When my silver solder paste starts to get a bit dry I usually add a few drops of tap water to moisten it up again. Am I doing the wrong thing?

Cheers Phil


----------



## Ulma Doctor (Nov 12, 2014)

Hi Phil,
i don't know what type of flux you are using down under.

I use a boric acid (hydrogen borate)[borax derived] / denatured alcohol mixture.
you add just enough denatured alcohol to dampen the mixture to make the paste.

i'm not sure what water does in combination with your flux


----------



## Kevinb71 (Nov 13, 2014)

My Dad did refrigeration work(along with a bunch of other stuff) and would always add a bit of water to his "Harris Stay Silv" flux bottle and then stir it around some. I think he had the same bottle for 15 yrs or so. You might want to use distilled water just to make sure that nothing gets added to the mix that might react with the metals. It worked well for him!


----------



## John Hasler (Nov 13, 2014)

Ulma Doctor said:


> Hi Phil,
> i don't know what type of flux you are using down under.
> 
> I use a boric acid (hydrogen borate)[borax derived] / denatured alcohol mixture.
> ...



If it's boric acid flux water will work fine.  I've got some that says on the package to soften it with water.


----------



## Cobra (Nov 13, 2014)

Used the same bottle of borax flux for silver soldering for years.
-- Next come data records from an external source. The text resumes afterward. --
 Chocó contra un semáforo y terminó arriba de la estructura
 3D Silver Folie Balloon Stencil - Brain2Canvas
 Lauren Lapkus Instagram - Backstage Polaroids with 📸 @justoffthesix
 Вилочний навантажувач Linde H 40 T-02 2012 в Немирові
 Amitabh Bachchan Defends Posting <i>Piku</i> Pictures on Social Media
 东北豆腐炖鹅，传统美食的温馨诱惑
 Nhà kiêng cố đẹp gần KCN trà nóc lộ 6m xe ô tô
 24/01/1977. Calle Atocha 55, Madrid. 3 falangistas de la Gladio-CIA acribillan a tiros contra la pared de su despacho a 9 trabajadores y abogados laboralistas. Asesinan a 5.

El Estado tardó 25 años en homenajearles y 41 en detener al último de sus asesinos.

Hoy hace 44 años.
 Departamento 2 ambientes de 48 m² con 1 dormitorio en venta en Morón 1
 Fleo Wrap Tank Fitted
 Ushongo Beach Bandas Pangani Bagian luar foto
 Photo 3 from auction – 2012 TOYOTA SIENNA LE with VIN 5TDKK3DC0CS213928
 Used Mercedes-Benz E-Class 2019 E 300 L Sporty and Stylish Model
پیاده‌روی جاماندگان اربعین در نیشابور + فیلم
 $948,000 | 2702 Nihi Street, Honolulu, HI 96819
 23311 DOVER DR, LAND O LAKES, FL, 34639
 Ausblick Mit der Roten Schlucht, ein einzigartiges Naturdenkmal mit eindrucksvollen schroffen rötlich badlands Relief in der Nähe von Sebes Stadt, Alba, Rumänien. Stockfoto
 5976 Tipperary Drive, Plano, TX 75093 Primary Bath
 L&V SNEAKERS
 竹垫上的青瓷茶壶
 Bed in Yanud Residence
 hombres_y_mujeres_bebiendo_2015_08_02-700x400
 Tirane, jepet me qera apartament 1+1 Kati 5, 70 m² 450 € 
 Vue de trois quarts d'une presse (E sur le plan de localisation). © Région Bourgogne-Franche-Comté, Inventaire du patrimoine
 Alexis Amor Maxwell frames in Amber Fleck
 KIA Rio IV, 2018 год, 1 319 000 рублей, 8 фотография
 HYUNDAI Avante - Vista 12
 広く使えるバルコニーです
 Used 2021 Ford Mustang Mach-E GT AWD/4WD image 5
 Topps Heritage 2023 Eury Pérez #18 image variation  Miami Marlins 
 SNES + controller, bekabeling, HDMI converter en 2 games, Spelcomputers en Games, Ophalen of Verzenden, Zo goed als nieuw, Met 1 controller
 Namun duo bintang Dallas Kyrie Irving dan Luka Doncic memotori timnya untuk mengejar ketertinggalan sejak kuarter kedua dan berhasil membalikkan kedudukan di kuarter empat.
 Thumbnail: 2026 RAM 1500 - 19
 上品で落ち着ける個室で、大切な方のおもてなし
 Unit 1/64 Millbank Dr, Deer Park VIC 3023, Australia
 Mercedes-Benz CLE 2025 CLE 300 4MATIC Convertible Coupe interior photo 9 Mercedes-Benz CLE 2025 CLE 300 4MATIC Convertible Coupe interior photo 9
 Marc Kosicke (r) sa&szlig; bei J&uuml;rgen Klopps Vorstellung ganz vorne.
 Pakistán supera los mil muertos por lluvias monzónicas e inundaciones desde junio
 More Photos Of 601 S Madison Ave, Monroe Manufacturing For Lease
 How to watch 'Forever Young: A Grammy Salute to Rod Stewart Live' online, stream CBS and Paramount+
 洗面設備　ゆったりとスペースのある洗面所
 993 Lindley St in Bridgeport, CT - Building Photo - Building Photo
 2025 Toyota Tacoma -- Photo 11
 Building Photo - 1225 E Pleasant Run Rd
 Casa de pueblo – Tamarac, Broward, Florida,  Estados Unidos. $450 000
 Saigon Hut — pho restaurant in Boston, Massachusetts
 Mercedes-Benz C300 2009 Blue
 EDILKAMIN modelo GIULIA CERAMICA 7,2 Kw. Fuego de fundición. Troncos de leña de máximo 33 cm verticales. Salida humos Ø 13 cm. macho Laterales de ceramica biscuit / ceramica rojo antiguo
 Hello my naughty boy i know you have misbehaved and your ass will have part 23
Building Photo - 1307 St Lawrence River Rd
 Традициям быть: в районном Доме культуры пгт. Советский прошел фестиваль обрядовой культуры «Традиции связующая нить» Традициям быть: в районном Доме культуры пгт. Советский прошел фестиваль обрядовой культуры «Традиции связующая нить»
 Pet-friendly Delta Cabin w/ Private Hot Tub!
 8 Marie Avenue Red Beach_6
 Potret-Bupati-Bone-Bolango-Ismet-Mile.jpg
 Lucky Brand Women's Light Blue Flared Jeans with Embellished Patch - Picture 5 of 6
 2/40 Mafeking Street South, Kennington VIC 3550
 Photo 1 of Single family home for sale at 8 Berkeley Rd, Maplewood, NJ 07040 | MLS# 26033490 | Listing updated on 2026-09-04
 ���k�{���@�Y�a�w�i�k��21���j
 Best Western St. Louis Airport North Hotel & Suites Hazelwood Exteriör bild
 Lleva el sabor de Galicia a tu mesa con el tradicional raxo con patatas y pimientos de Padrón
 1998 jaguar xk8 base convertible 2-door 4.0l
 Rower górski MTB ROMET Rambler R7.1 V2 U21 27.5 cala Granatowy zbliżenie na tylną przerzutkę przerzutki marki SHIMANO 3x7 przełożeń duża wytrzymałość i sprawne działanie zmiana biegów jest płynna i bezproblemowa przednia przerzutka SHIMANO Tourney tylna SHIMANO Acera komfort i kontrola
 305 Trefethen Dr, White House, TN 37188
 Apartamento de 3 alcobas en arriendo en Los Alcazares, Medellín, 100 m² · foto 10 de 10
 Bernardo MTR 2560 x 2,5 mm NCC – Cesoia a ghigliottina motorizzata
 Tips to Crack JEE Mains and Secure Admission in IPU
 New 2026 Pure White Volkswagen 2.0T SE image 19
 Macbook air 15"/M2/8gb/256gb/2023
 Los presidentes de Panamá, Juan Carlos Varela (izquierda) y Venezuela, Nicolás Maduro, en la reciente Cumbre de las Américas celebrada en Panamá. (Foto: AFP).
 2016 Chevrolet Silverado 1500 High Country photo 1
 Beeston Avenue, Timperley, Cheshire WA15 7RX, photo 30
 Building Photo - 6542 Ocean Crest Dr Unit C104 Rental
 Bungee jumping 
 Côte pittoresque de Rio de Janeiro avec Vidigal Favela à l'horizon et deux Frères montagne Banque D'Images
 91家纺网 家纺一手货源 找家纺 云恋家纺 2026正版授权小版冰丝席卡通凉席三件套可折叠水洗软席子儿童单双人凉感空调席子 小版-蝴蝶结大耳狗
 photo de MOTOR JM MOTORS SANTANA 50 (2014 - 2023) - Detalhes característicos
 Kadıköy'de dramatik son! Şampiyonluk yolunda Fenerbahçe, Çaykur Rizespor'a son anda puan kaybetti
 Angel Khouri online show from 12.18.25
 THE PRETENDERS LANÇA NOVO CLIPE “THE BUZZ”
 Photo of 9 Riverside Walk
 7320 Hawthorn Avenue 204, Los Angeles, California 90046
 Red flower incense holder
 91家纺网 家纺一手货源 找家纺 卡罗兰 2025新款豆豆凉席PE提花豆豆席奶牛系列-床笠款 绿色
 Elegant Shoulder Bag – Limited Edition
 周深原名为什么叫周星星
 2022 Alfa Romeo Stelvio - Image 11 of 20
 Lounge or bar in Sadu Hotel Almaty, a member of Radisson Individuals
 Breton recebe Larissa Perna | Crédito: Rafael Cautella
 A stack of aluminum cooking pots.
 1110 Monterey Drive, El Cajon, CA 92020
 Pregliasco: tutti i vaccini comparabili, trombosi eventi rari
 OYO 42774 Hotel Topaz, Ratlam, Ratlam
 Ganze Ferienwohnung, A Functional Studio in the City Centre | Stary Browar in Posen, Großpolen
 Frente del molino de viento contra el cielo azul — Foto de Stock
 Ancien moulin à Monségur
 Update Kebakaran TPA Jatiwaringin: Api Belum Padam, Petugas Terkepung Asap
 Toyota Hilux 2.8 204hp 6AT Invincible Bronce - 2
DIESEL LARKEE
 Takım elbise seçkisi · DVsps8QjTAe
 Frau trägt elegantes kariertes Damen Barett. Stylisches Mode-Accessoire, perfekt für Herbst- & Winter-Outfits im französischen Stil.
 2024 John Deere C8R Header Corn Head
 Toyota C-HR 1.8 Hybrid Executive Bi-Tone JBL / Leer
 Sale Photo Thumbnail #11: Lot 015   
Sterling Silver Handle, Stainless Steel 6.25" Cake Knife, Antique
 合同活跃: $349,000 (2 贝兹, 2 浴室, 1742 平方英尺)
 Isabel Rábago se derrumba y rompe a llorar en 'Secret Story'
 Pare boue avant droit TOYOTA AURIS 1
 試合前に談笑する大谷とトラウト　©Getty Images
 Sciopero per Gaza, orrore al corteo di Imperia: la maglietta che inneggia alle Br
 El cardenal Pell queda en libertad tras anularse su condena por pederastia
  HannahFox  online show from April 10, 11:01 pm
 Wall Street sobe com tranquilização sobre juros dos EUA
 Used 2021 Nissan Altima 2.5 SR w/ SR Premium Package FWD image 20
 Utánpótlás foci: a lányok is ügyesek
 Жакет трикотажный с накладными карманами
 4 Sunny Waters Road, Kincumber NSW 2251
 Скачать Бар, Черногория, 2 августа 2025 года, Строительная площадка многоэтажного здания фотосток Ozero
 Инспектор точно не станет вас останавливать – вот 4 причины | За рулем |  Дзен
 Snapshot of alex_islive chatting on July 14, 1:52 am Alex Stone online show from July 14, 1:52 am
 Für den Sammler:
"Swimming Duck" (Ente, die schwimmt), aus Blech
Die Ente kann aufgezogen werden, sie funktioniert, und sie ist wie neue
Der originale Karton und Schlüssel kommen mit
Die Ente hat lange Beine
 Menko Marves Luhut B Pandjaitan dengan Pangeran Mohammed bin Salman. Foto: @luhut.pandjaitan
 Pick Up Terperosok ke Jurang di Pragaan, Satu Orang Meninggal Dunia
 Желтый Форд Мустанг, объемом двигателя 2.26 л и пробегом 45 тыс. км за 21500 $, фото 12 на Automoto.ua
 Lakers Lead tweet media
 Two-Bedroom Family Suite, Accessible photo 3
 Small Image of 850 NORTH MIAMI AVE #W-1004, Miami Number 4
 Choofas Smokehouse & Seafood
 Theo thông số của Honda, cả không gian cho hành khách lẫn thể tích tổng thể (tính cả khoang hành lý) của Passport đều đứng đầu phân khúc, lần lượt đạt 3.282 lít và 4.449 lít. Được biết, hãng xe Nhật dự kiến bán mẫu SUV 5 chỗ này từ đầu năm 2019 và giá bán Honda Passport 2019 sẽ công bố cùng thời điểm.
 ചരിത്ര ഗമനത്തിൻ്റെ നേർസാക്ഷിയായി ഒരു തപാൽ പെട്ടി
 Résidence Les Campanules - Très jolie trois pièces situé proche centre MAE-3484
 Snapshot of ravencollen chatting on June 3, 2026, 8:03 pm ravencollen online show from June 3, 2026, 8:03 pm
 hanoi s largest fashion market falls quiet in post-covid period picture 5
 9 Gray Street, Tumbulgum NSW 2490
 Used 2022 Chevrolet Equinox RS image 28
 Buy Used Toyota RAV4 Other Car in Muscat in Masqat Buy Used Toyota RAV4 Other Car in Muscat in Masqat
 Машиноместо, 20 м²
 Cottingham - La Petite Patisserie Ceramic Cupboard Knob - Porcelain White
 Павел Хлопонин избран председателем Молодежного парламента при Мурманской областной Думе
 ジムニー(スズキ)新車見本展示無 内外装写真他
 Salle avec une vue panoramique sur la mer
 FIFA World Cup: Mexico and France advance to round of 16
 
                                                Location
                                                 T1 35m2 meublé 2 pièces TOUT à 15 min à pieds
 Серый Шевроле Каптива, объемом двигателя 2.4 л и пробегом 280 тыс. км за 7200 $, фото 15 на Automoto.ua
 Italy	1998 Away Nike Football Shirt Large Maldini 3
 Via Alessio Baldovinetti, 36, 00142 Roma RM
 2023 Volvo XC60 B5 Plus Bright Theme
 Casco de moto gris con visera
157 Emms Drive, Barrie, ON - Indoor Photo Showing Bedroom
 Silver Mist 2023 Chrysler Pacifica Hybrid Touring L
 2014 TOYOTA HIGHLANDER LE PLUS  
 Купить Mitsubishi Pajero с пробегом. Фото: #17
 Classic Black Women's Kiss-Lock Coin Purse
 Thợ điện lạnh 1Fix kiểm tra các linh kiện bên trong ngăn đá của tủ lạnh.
You can use either alcohol or water. The water stays soft longer, the alcohol evaporates better on the work.


----------



## 12bolts (Nov 13, 2014)

Thanks everybody. Im not sure of the type, (the label has peeled off.............) but its a white paste! Sounds like water should be ok

Cheers Phil


----------



## Mark_f (Nov 13, 2014)

I have a jar of that white silver solder paste and have been renewing it with water for over thirty years. Every great once in a while when I need it , it is all dried up. A little water and like new again. jar looks to hold about a cup. it is about half gone. Going to outlast me that is for sure.

Mark


----------



## oldgoaly (Nov 16, 2014)

Yes water works, been doing it for 25+ years


----------



## Ozwelder (Nov 16, 2014)

12bolts said:


> When my silver solder paste starts to get a bit dry I usually add a few drops of tap water to moisten it up again. Am I doing the wrong thing?
> 
> Cheers Phil



Hi Phil

I have been adding water to mine for years and not noticed any bad effects. I use just enough to achieve original consistency. About that of a heavy cream.


----------